Sanitize a dictionary of attributes to be a valid OpenTelemetry attributes.

Parameters:

  • attributes (Dict[str, Any]) –

    A dictionary of attributes to sanitize.

  • force (bool, default: True ) –

    Whether to force sanitization even when the value is not JSON serializable.

agentlightning.utils.otel.sanitize_list_attribute_sanity(maybe_list)

Try to sanitize a list of attributes to be a valid OpenTelemetry attribute value.

Raise error if the list contains multiple types of primitive values.

agentlightning.utils.otel.check_attributes_sanity(attributes)

Check if a dictionary of attributes is a valid OpenTelemetry attributes.

agentlightning.utils.otel.format_exception_attributes(exception)

Format an exception into a dictionary of attributes.

OTLP

agentlightning.utils.otlp.handle_otlp_export(request, request_message_cls, response_message_cls, message_callback, signal_name) async

Generic handler for /v1/traces, /v1/metrics, /v1/logs.
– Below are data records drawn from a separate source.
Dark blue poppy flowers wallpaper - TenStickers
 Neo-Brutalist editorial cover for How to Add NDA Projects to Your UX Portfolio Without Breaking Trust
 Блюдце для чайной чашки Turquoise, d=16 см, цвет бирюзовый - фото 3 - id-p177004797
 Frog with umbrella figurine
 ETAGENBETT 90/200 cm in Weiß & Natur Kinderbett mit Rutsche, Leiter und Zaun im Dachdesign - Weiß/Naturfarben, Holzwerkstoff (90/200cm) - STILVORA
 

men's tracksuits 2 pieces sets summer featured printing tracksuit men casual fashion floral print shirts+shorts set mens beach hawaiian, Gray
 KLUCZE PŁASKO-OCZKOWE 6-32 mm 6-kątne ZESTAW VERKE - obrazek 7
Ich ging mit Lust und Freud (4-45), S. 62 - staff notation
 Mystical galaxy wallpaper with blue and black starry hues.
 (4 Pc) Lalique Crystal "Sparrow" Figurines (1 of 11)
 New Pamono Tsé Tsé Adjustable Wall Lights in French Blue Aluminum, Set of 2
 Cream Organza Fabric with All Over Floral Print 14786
Convert the OTLP Protobuf request to a JSON-like object.

agentlightning.utils.otlp.spans_from_proto(request, sequence_id_bulk_issuer) async

Parse an OTLP proto payload into List[Span].

A store is needed here for generating a sequence ID for each span.

System Snapshot

agentlightning.utils.system_snapshot.system_snapshot(include_gpu=False)

Capture a snapshot of the system's hardware and software information.

Parameters:

  • include_gpu (bool, default: False ) –

    Whether to include GPU information.

Returns:

  • Dict[str, Any]

    A dictionary containing the system's hardware and software information.